Hi Alan,
Just wanted to pass this by you quickly. First, forgive me: internally
we were having some problems with the last version of this patch that I
posted so I've been too busy hunting down the problem to include the
timer.c cleanups we discussed or sync it up w/ your tree.
The problem is that with my patch on a summit based box, when
HyperThreading is disabled in the BIOS, the io_apic code bugs out when
calling timer_irq_works(). Ends up that after calling "mdelay((10 *
1000) / HZ);" we return and only 4 ticks have passed.
My suspicion is that when HT is disabled, the processor is less busy
switching between threads. Thus calls to mdelay(), which calls
__loop_delay() with my patch, execute faster then they should.
However, I'm at a bit of a loss, because when HT is enabled, the CPUs
BogoMIPS (thus loops_per_jiffy) drops. This should mean when HT is off,
loops_per_jiffy should be larger, and thus mdelay should take longer.
Looking through the calibrate_delay and mdelay code I can't see anything
that seems off.
Anyway, my options to "just make it work" seem to be:
1) Use the unsynced TSC for udelay.
2) Just increase the time we wait in the io_apic code.
Since the first method breaks on multi-frequency SMP boxes, and is
totally broken with preempt, I opted for #2. While its not very
scientific, I'm not sure how much it matters, as the ioapic is just
checking to make sure the timer interrupt is working.
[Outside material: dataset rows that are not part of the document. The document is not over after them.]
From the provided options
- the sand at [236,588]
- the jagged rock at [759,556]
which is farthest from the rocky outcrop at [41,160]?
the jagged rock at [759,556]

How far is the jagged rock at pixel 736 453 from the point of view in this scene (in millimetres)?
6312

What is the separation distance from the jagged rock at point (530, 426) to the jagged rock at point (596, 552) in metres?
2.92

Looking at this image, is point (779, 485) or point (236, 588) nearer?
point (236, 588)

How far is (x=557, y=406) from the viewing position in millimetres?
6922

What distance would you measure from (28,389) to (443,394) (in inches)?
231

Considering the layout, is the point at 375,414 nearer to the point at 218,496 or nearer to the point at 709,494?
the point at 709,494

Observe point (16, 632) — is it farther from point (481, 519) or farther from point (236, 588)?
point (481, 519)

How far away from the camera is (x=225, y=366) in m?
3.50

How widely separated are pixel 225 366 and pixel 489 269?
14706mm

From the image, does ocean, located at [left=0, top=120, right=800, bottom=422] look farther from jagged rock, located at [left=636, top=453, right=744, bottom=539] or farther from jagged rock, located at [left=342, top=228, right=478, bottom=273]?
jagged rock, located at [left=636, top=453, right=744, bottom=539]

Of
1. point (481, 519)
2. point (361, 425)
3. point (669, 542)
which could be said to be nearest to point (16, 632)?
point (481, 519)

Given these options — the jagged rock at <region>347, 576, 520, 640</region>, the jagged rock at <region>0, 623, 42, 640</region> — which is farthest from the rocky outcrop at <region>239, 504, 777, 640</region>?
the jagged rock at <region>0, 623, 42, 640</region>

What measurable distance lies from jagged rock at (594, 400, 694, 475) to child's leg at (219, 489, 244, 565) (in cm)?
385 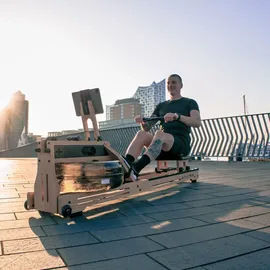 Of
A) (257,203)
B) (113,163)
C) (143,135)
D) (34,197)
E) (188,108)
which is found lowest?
(257,203)

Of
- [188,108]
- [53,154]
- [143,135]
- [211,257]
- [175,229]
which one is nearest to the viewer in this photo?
[211,257]

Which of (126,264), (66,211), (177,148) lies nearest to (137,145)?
(177,148)

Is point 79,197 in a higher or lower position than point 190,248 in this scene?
higher

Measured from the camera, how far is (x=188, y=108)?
3.86m

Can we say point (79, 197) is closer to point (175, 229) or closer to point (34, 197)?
point (34, 197)

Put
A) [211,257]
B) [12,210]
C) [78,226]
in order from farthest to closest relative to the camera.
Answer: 1. [12,210]
2. [78,226]
3. [211,257]

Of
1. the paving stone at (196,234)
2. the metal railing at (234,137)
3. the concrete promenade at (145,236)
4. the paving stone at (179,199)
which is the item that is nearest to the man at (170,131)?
the paving stone at (179,199)

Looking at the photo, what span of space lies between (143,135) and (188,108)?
0.75 meters

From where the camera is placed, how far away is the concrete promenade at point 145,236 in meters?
1.40

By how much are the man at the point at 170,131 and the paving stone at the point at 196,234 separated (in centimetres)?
112

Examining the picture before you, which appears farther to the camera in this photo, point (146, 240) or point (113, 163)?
point (113, 163)

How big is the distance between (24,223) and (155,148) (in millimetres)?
1565

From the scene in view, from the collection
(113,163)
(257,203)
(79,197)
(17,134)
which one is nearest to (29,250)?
(79,197)

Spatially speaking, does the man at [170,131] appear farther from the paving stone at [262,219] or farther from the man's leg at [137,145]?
the paving stone at [262,219] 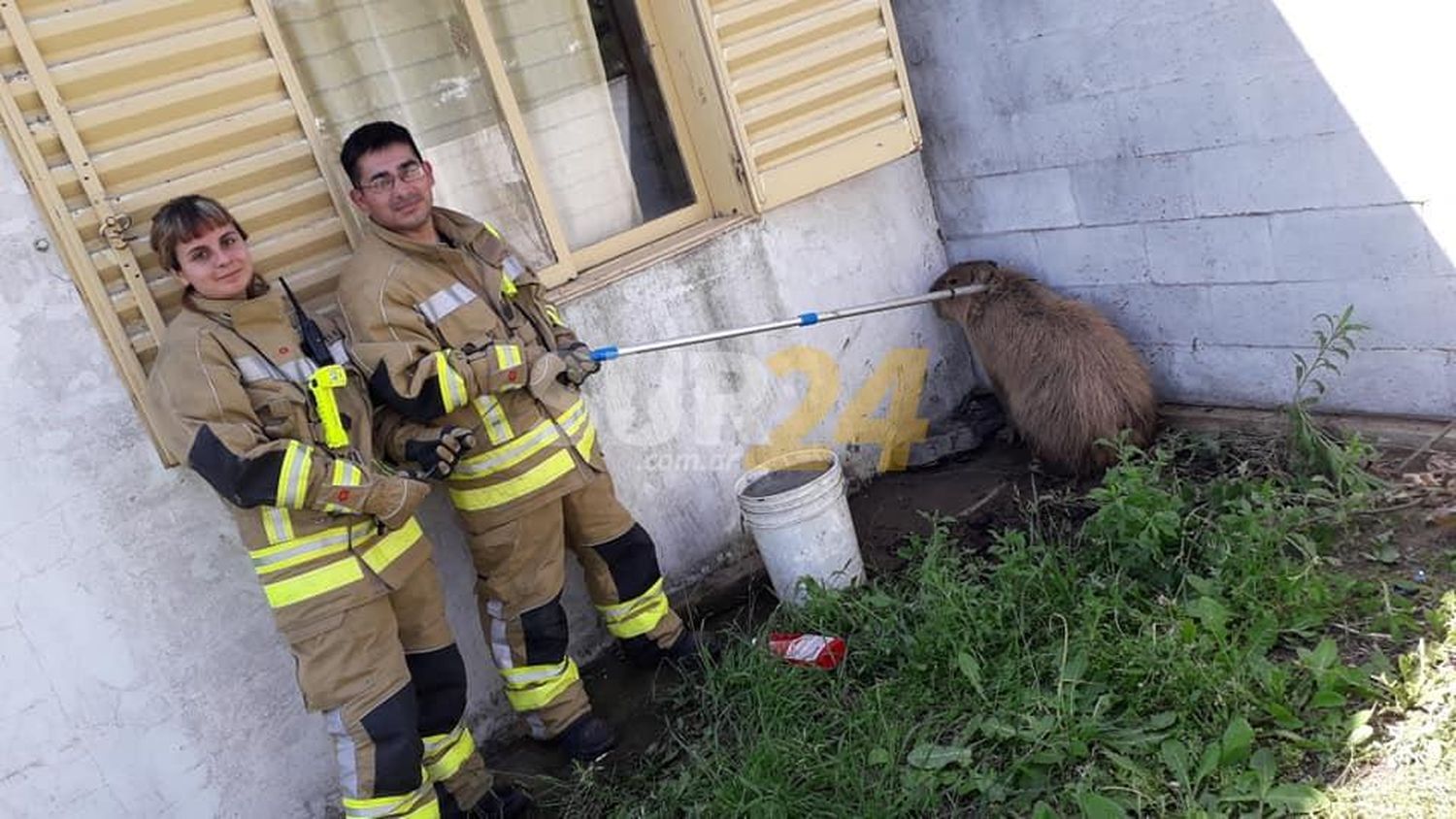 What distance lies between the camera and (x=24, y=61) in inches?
106

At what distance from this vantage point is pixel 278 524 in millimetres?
2734

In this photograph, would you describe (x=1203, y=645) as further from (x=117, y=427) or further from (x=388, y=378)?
(x=117, y=427)

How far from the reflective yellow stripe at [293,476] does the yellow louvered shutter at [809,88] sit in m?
2.10

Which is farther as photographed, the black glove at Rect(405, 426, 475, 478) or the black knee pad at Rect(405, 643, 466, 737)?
the black knee pad at Rect(405, 643, 466, 737)

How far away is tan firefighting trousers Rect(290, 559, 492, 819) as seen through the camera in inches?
109

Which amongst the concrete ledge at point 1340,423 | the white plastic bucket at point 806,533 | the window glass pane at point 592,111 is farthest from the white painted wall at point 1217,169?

Although I could
be totally wrong.
Anyway, just wanted to mail you the patch and ask for comments as to
what you or anyone else might think the proper fix is.
thanks
-john
diff -Nru a/Documentation/Configure.help b/Documentation/Configure.help
--- a/Documentation/Configure.help Wed Aug 14 19:14:10 2002
+++ b/Documentation/Configure.help Wed Aug 14 19:14:10 2002
@@ -230,7 +230,21 @@
network and embedded applications. For more information see the
Axis Communication site, <http://developer.axis.com/>.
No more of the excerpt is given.